Employee share schemes (ESS) allow businesses to provide employees an alternative approach to remuneration whereby they can offer discounted options or shares as a way to top-up an employee’s remuneration package, make a role more attractive and give an opportunity for the employee to participate in the success of their employer. However, if the rules which govern the ESS are not appropriately drafted, they can potentially lead to unfavourable tax implications for the employee, or diminish the benefits of the ESS itself.

Over the last decade, various changes to tax rules have been implemented to improve the attractiveness of implementing an ESS, including the provision of tax concessions in the form of a ‘start-up’ concession, tax-deferral arrangement, and a $1,000 assessable income reduction.

This article will provide a high-level overview of an ESS, a brief explanation of the tax concessions available and the conditions required to obtain such tax concessions

Antony Nguyen, Maddocks Lawyers

Overview of ESS and potential implications

An ESS allows a company to offer their employees options or shares in their enterprise, which are known as an “ESS interest” (ESS Interest). There are different ways a company may do this, including through seeking payment from the employee (e.g. salary sacrifice) or offering the shares at a discounted rate as a way to top-up an employee’s remuneration package.

An ESS can be particularly useful for startups and early-stage businesses wishing to attract highly-skilled employees to support the success and ambitions of the business without immediately impacting the cash flow of the business.
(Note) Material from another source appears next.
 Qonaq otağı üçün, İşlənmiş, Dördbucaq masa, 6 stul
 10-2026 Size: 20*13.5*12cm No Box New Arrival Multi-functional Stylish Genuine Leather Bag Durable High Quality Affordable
Further, an ESS can be a useful incentive to motivate employees to drive business growth, with employees naturally wishing to increase the value of their options or shareholding in the business through the contributions they make or the length of time they spend with their employer.

There are, however, tax implications for an employee accepting an ESS Interest. Generally, if an employee accepts options or shares at a discount, the employee will be required to include the discount as part of their assessable income for that income year. This can be problematic for employees as they are required to pay tax on a financial benefit that they have not yet directly received, as either the shares have not yet been sold or the relevant options have not yet been exercised.

As this has the ability to hinder the practical utility of an ESS, various reforms and changes have been introduced to ensure ESSs remain an attractive option for employers to incentivise employees.

What ESS tax concessions are available?

There are three main ESS tax concessions available, being the:

  • ‘start-up’ tax concession;
  • tax-deferral arrangement; and
  • $1,000 assessable income reduction.

Start-up tax concession

As noted above, an employee will generally be required to include any discount received from an ESS as part of their assessable income. However, if an employer is eligible for the ‘start-up’ concession, the employee is not required to include the discount on an ESS interest in their assessable income. Instead, the employee will only be required to report the option or shares received under an ESS as a capital gain, under the capital gains tax (CGT) regime, once the shares are sold or options are exercised. This is generally a more attractive method to assess income as the employee is only required to pay tax when they have sold their shares or exercised the option, and not when the interest is initially received (at which point those interests are usually illiquid).

Further, if the shares or options have been held for at least 12 months, a 50% CGT discount would be available.

To be eligible for the start-up concession, there are strict conditions which must be met for the employer and the employee as well as the terms of the ESS. These include:

  • the employer must be an Australian resident company and the company (and its subsidiaries or holding companies) must;
  • not be listed on any approved stock exchange;
  • be less than 10 years old;
  • not exceed $50,000,000 in annual turnover; and
  • not be in the predominant business of dealing with share trading and investments;
  • the employee must:
  • be an employee of the company (or its subsidiaries) at the time of acquiring the ESS Interest;
  • not beneficially own shares, or have a voting power, beyond 10% of the company upon acquisition of the ESS Interest; and
  • hold the option or shares for at least three years (unless the employee is no longer working at the company);
  • if offering shares, those shares must be:
  • ordinary shares; and
  • offered at no more than 15% of its market value at the date of issue; and
  • at least 75% of the permanent employees who have completed at least 3 years of service and who are Australian tax residents are entitled to participate; and
  • if offering options, the exercise price must be at a price that is greater than or equal to the market value of an ordinary share in the company at the date of grant.

Tax-deferral arrangement

If a business or employee is not eligible for the ‘start-up’ concession, the business may nonetheless offer shares (or options) in a manner that would allow the taxation to be deferred (i.e. so that it is taxed at a later point in time).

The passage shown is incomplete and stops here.